RECORDS SUPPLIED
- - -

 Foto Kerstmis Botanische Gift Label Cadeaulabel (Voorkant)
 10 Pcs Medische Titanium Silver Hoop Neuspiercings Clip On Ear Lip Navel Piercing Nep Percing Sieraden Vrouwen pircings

- - -

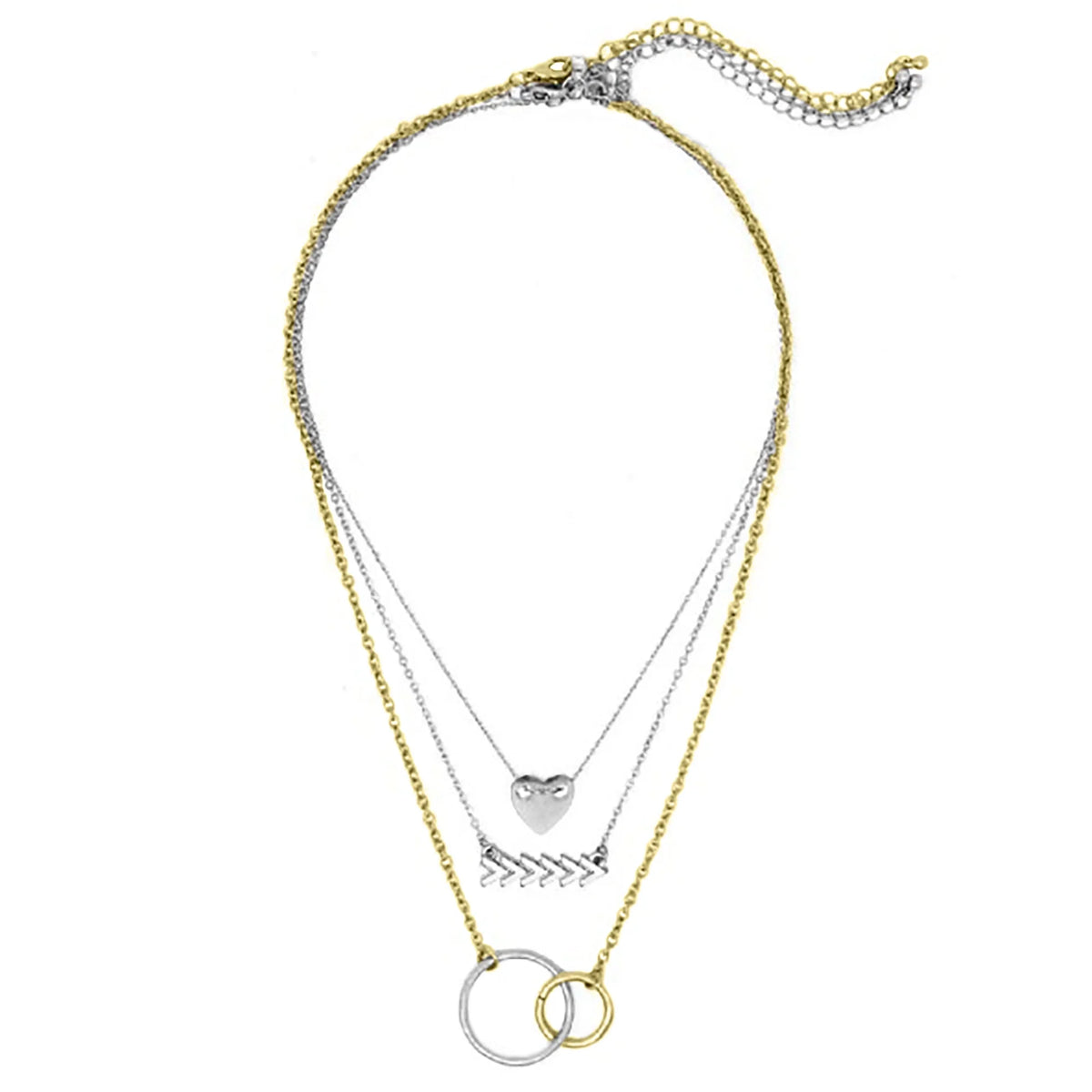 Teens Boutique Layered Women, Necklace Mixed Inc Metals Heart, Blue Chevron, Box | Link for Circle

- - -

EXERCISE INSTRUCTIONS
Once you find the line with "Foto Kerstmis Botanische" above, print it and every line after it up to and including the line with "10 Pcs Medische", exactly as written and nothing else.

RESPONSE
 Foto Kerstmis Botanische Gift Label Cadeaulabel (Voorkant)
 10 Pcs Medische Titanium Silver Hoop Neuspiercings Clip On Ear Lip Navel Piercing Nep Percing Sieraden Vrouwen pircings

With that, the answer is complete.